Wednesday, August 22, 2007

Don't go changin', to try and please me



Ouspensky, having quarreled with and broken from his old mentor Gurdjieff, gives a series of lectures about man's psychology and his evolutionary mission. Humans are robotic creatures who for the most part wander around being acted upon by external forces, all the while laboring under the misapprehension that they are free. Only through hard work--the cornerstone of which is to remember oneself--can low-grade humans ever hope to achieve their fullest potential.

Ouspensky briefly describes seven types of humans, three of which are asleep, one of which is borderline awake, and three which are of a spectacularly different order of being (presumably avatars and saints are amongst them).
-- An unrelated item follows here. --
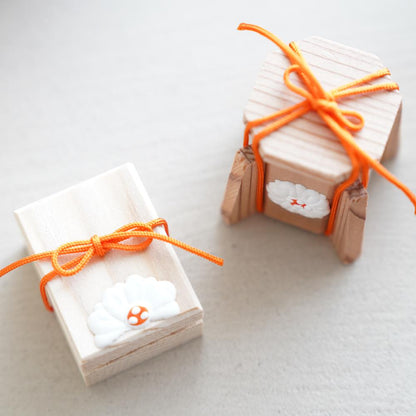 CEDAR SHELL BUCKET & LETTER BOX – MINIATURE SET, CHRYSANTHEMUM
Humans must awake and contact a school whose teachings are in line with ancient wisdom traditions in order to progress. Evolution through individual study is impossible.
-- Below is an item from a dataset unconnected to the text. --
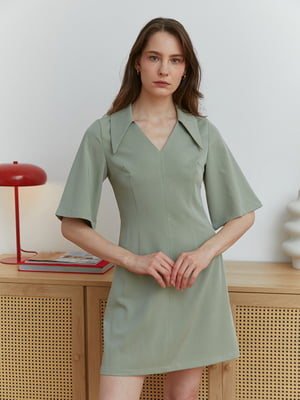 Напівприталена сукня-міні з V-подібним вирізом оливкова | 6862894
Ouspensky's claim that schools are necessary directly contradicts Steiner, who seems to think you can start on the path alone. Of course Steiner was a special case; he met the ailing and comatose Nietzsche, who communicated to him via pituitary brain-waves a collect phone call from the serpent. Steiner was so special, in fact, that a school went looking for him. Ouspensky's dictum: remember yourself and awake is also contradicted by many Eastern schools, which advise you to forget yourself because you don't really exist.

Balderdash, fowlderall, fiddle-faddle? Or, perhaps, the door to another world?

1 comment:

Tanner M. said...

sounds rather interesting, i'll be looking into this one. - great blog title btw.